Broccoli: The broccoli market is finally showing some relief. The severe weather in the northeast and increased supplies from the Salinas growing region has created a downward trend in the market. Quality has also improved in all growing regions with minimal yellowing or dehydration.
Cauliflower: The cauliflower market is finally declining after weeks of extremely higher than normal prices. Supplies are increasing out of Salinas, while Yuma finishes their season. This has been coupled with extreme weather in the northeast curtailing demand as well. Quality has improved in the Salinas growing region with good weights, minimal bruising / brown spotting, and vibrant white color.

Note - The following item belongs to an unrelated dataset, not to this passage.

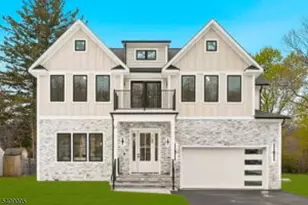 11 Hawthorne Dr, Livingston, NJ 07039 - Photo 1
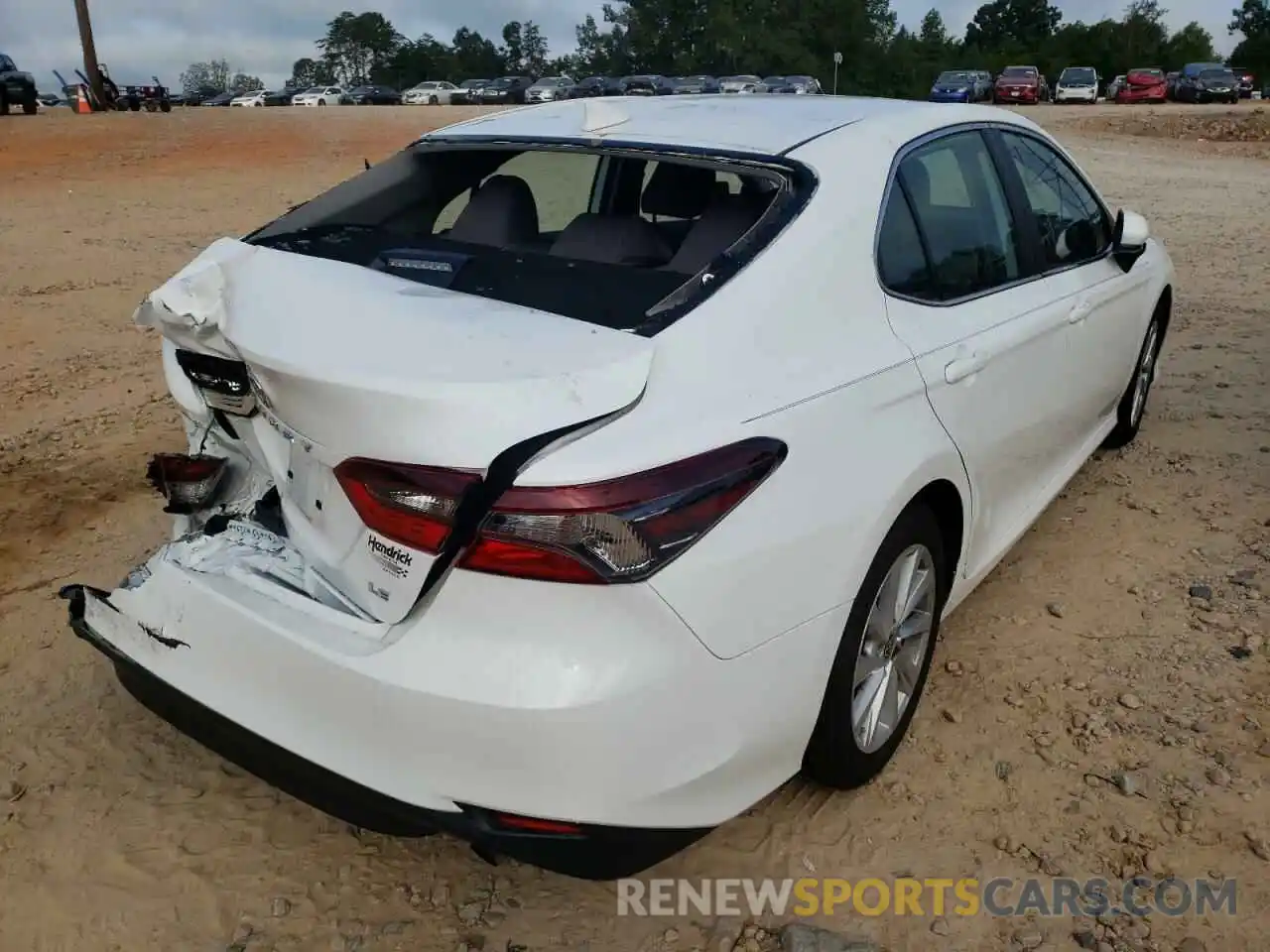 4 Photograph of a damaged car 4T1C11AKXMU610322 TOYOTA CAMRY 2021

Cilantro: Cilantro supplies continue to be limited from all growing regions. Yuma is finishing up their season. Mexico is still dealing with the after effects of the freeze. Oxnard and Santa Maria are trying to fill the void with little success. Quality is fair at best with freeze damage from Mexico, yellow to brown leaves in other growing regions. The market is active and looks to trend that way into next week.
Limes: Limes continue to be a moving target this week. More rain is expected in Mexico by the weekend, so growers are jumping in and harvesting whatever sizes are available between storms. This is leading to an overabundance of some sizes while other sizes remain very tight. These situations also cause unstable markets as we may see a push on a particular size for a few days, then prices shoot back up. Unfortunately, this will continue to be the case until Mexico experiences some consistent weather. We expect things to improve by the end of March.
Grapes (Green) The green grape market is stable with moderate supply. Volume is stable with product available in storage. There are a wide variety of sizes and varieties available. Quality will be constantly good for the remainder of the Chilean season.
Grapes (Red) The red grape market is stable with available product. Volume is stable with product available in storage. There are a wide variety of sizes and varieties available. Quality is slowly getting better and more consistent, as low-quality red grapes have finally moved out of the marketplace. Quality should remain good for the remainder of the Chilean season.
Tomatoes: An unexpected turn in the tomato market has occurred this week as Mexico suffers a bit of a supply gap boosting prices up off the floor from where they have sat most of the year. Mexico has boasted such tremendous supply over the past several months that many farmers are now abandoning older fields to cut losses choosing to wait for new areas to begin. It may be 2 to 3 weeks before we see prices ease off to the mandated minimums again. Until then, the buying market will look to imports as the cheaper alternative at a time when overall supply is declining. Rounds will continue to strengthen in price if the Florida market is strong. Roma tomatoes have tightened up quickly over the past couple of days resulting in a jump of $5 already. Lighter yields of Cherry and grape tomatoes are being realized as well, which in turn, has led to a stronger market as well. It is reasonable to expect this trend to continue into April when Spring transition provides for a new bounty of fruit.